§ Data in this exercise
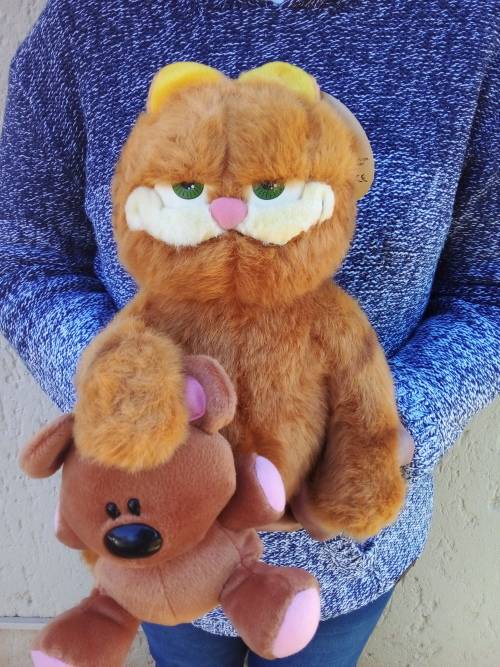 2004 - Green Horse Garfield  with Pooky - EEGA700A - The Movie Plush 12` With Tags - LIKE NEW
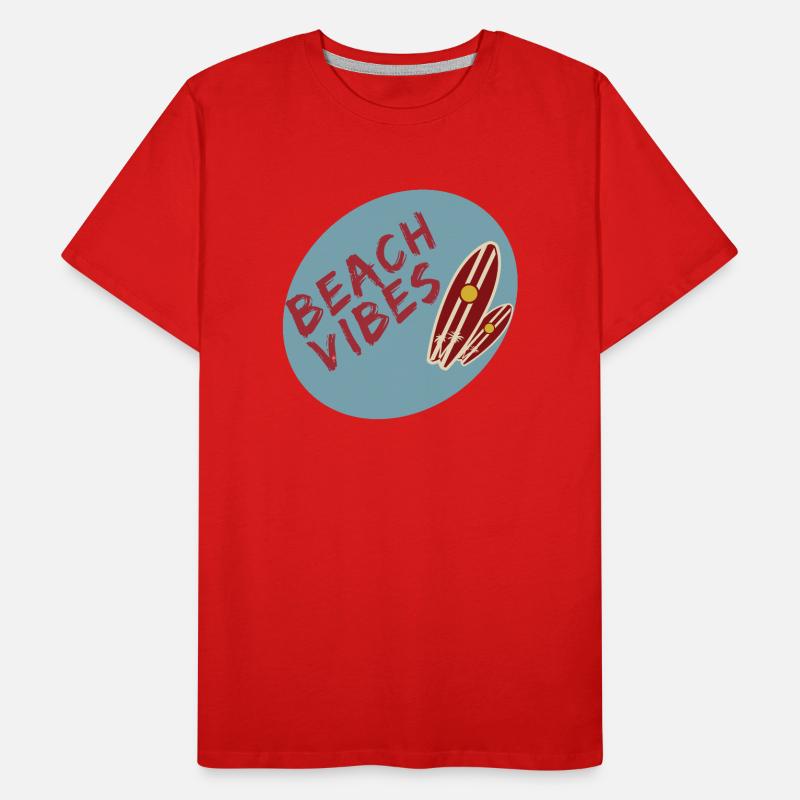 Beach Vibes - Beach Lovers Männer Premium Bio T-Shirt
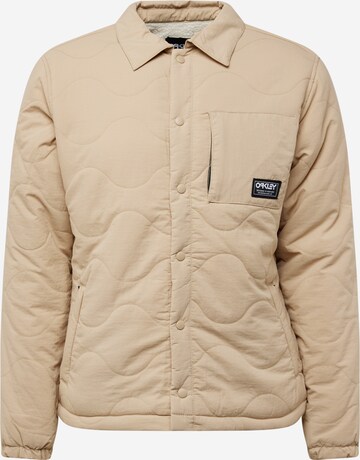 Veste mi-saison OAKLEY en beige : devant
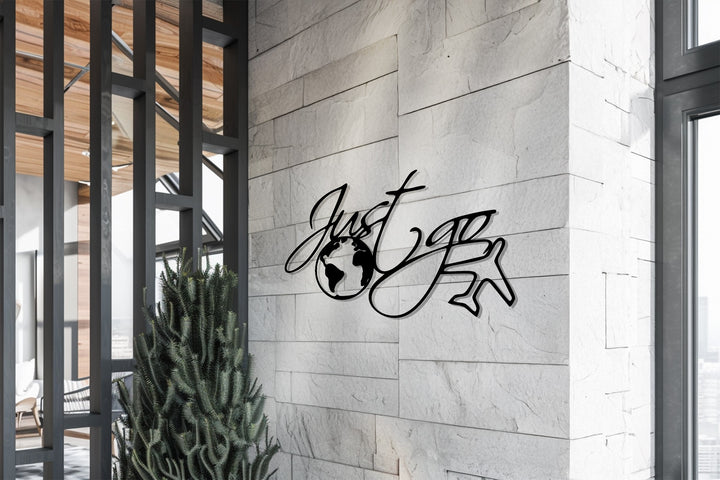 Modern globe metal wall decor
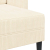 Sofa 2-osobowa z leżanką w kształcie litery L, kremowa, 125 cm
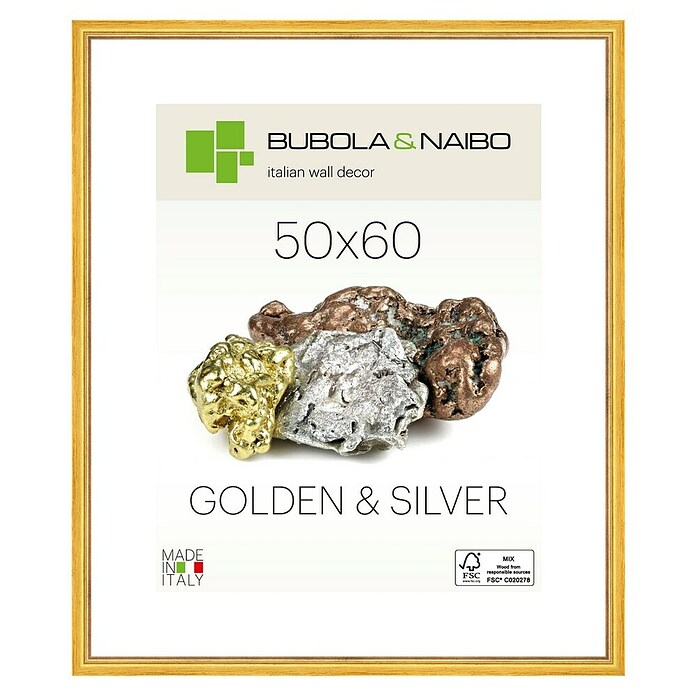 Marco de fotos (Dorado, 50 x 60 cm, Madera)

§ Directions for this task
What should appear is an exact reproduction of the lines from the one with "Modern globe metal wall decor" through the end of the material above, and no pictures.

§ Solution for this problem
 Modern globe metal wall decor
 Sofa 2-osobowa z leżanką w kształcie litery L, kremowa, 125 cm
 Marco de fotos (Dorado, 50 x 60 cm, Madera)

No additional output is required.